News

Biden Releases Funding for Vaccine Alliance

19.02.2021 - New US president Joe Biden has pledged to release altogether $4 billion in US funding to support Gavi, the global vaccine alliance. The president was expected to announce an initial $2 billion in funding at the virtual G-7 summit of the world’s largest economies on Feb. 19.

Global vaccine distribution will be one of the topics of discussion at the UK-hosted meeting, and several world leaders are said to have already made proposals.

Press reports quote UK prime minister Boris Johnson as saying his country will donate surplus vaccine supply through Covax, in addition to over $760 million in funding already allocated. Altogether more than 190 countries have agreed to contribute to the scheme. Covax has said it hopes to start distributing vaccines in the first half of 2021. 

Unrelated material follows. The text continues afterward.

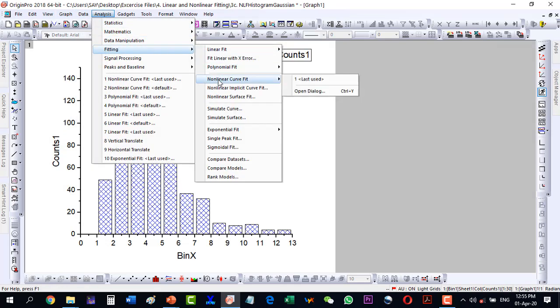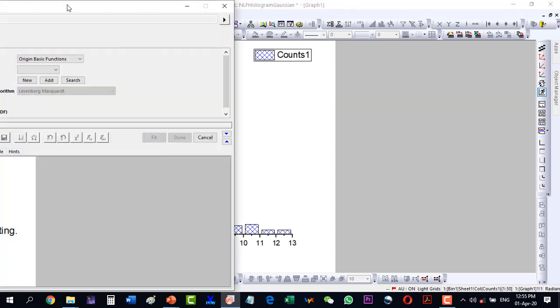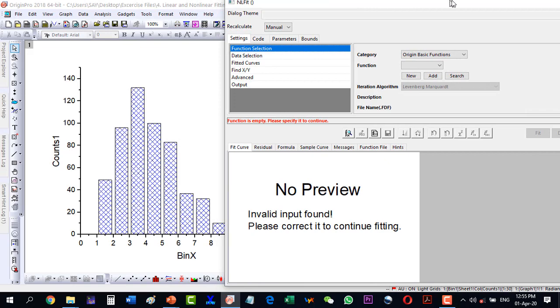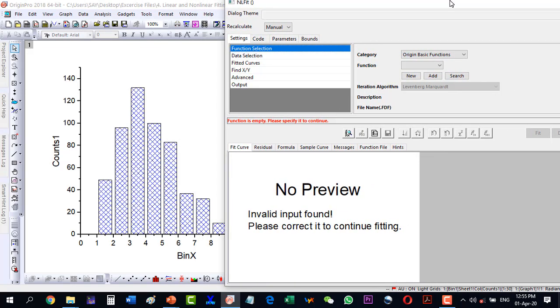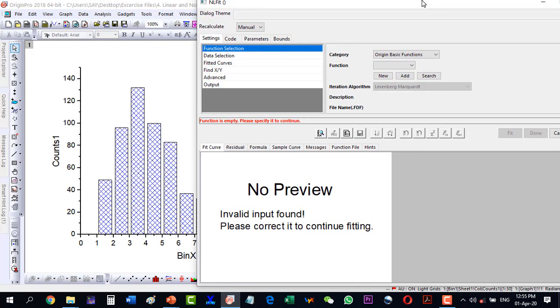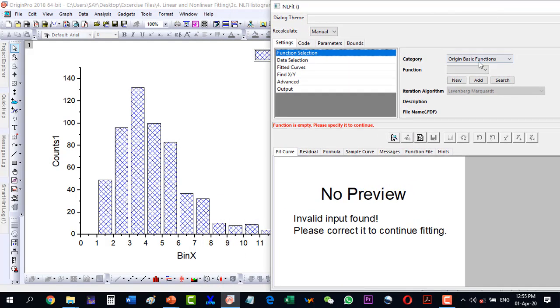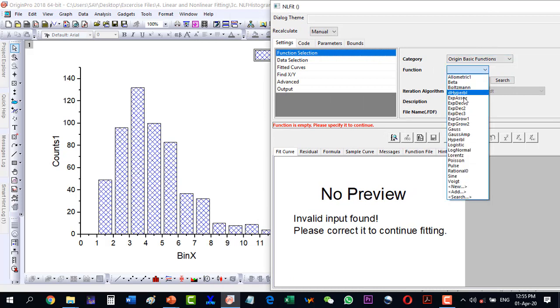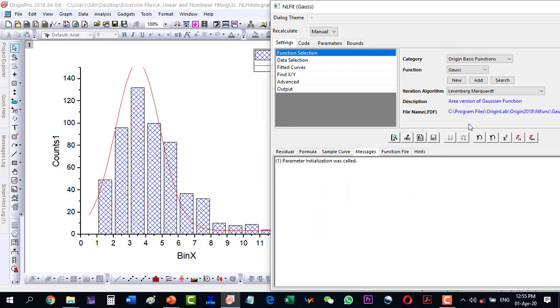Here we select our function as the Gaussian function. As I click the Gaussian function, I see the preview of this one and the Gaussian function is the same as we discussed earlier.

The Biden administration has agreed to release an additional $2 billion over 2 years, once other donors have fulfilled their pledges. The money will be used by the Covax Facility, which aims to give low-income countries better access to vaccines, and will support a program jointly led by Gavi, the World Health Organization (WHO) and the Coalition for Epidemic Preparedness Innovations (EPI).

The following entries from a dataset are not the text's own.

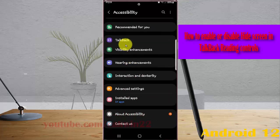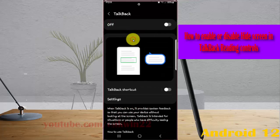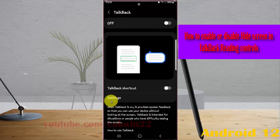Next, tap TalkBack and then tap settings.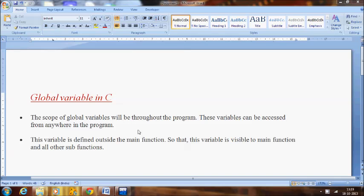Welcome to C video tutorial. In our last class I explained the local variables in C with an example. In this class I am going to deal with the topic global variables in C.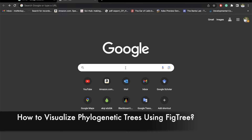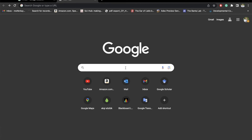In the second part of this tutorial, I'm going to show you how to use FigTree to visualize the phylogenetic trees that we just created.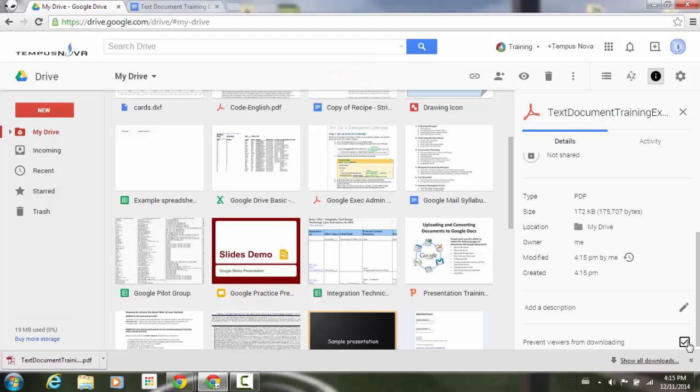If you select that, it'll now stop people from being able to download that PDF document.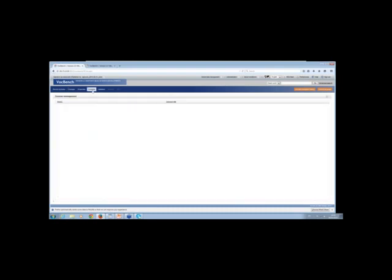I'm looking at AgroVoc and I have this interface. The first thing I want to do as a publisher is look at the scheme. In this bar, these blocks are modules that give you access to different functionalities and sets of operations. In the scheme module, you have the list of SKOS concept schemes currently loaded. We're going to work on AgroVoc, and this is AgroVoc. Then we have properties — since we are in the RDF world, we have vocabularies like SKOS organized as properties.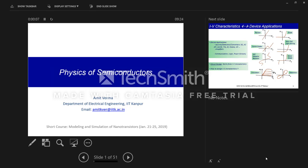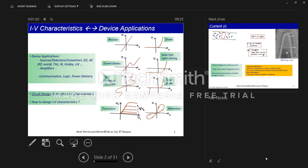Good morning and welcome to IIT Kanpur. All devices first start from materials: you have a semiconductor material, you do engineering with it — doping, making heterostructures, making junctions — and you get very unique device behavior. This lecture gets you into that foundation; the rest of the course will focus more on devices. Please feel free to stop me anytime and ask questions — let's keep this very informal. I'm in the Department of Electrical Engineering, so you can also drop me an email.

A bipartisan US congressional vote in 2020 appropriated the Covax funding; however, it was not released by the Trump administration because of the former president’s feud with the WHO, which he blamed for not being tough enough on China, where Covid first erupted.

Gavi’s lack of adequate progress up to now is blamed not only on insufficient funding, but also on wealthy nations nailing down the lion’s share of available vaccines. On Feb. 18, the organization announced a Memorandum of Understanding with US biotech Novavax to buy 1.1 billion doses.  This deal follows earlier agreements with Pfizer/BioNTech. AstraZeneca, Sanofi and Johnson & Johnson.

On Feb.17, UN secretary general António Guterres, speaking at a Security Council meeting, said that 10 countries account for 75% of all vaccinations to date, a situation he called “wildly uneven and unfair.”

Global health experts have expressed concern that the inequitable distribution of vaccines could prolong the pandemic, which would not only leaving developing countries at risk but also increase the likelihood of new variants.

Ahead of the G-7 summit, French President Emmanuel Macron told UK business daily Financial Times that the US and Europe should donate 4-5% of the Covid vaccine doses they ordered to developing countries. Western vaccines are being sold to African nations at astronomical prices, but these countries are being offered cheaper Chinese and Russian shots of uncertain efficacy against new variants of the virus, Macron told the newspaper.

According to figures published by Duke University in the US, high-income countries among them have secured over 4.6 billion vaccine doses, compared with2.5 billion for all middle-income and lower-income countries combined.